Exercise aim
What is needed here is an exact repetition of the records below, beginning at the line that has "G4Free BareFeel Maternity" and stopping after the line that has "Orange animated figure".

Record set

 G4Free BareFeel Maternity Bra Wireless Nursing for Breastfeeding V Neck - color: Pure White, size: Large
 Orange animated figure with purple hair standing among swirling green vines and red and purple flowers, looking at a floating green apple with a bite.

==

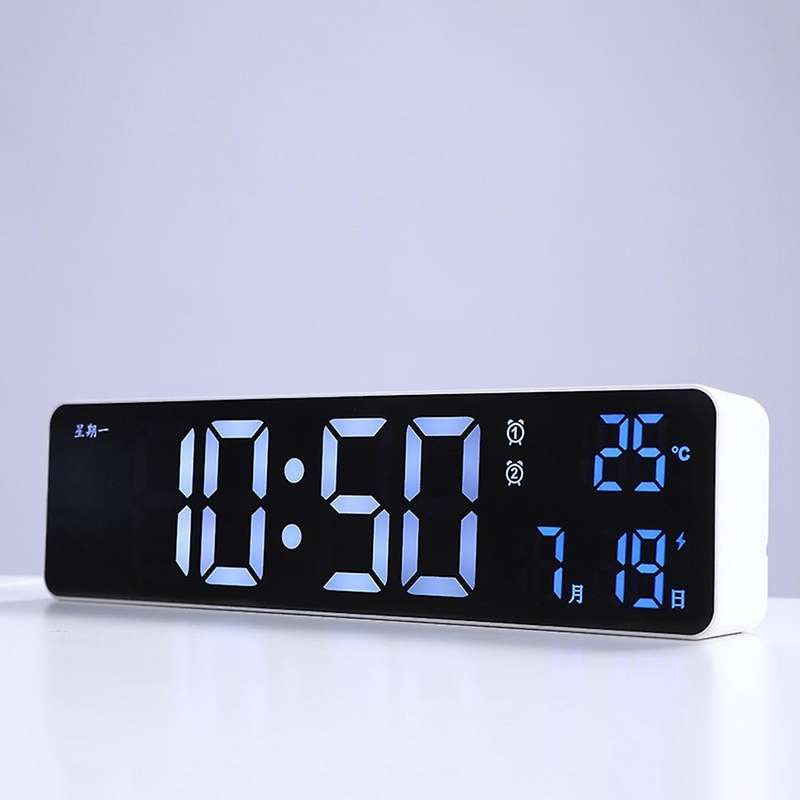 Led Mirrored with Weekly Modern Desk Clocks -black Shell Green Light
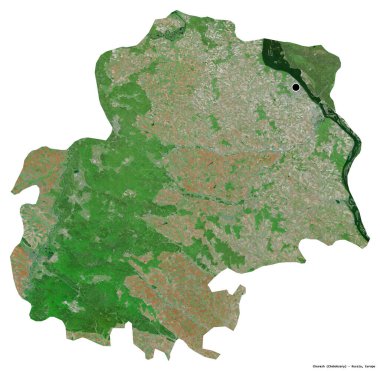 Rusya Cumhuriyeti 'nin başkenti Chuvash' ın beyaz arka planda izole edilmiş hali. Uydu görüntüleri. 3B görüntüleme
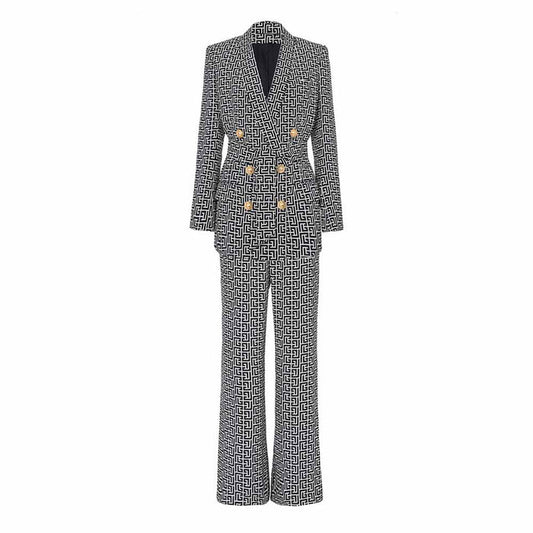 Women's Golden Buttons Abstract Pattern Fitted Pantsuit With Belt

--

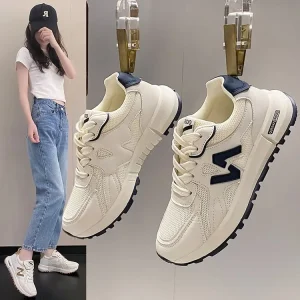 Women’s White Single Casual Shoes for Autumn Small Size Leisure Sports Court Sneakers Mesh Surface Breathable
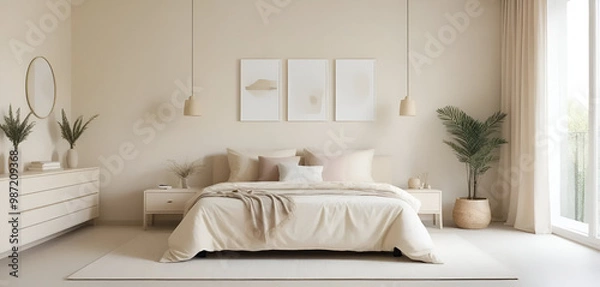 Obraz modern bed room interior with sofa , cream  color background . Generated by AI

Solved exercise
 G4Free BareFeel Maternity Bra Wireless Nursing for Breastfeeding V Neck - color: Pure White, size: Large
 Orange animated figure with purple hair standing among swirling green vines and red and purple flowers, looking at a floating green apple with a bite.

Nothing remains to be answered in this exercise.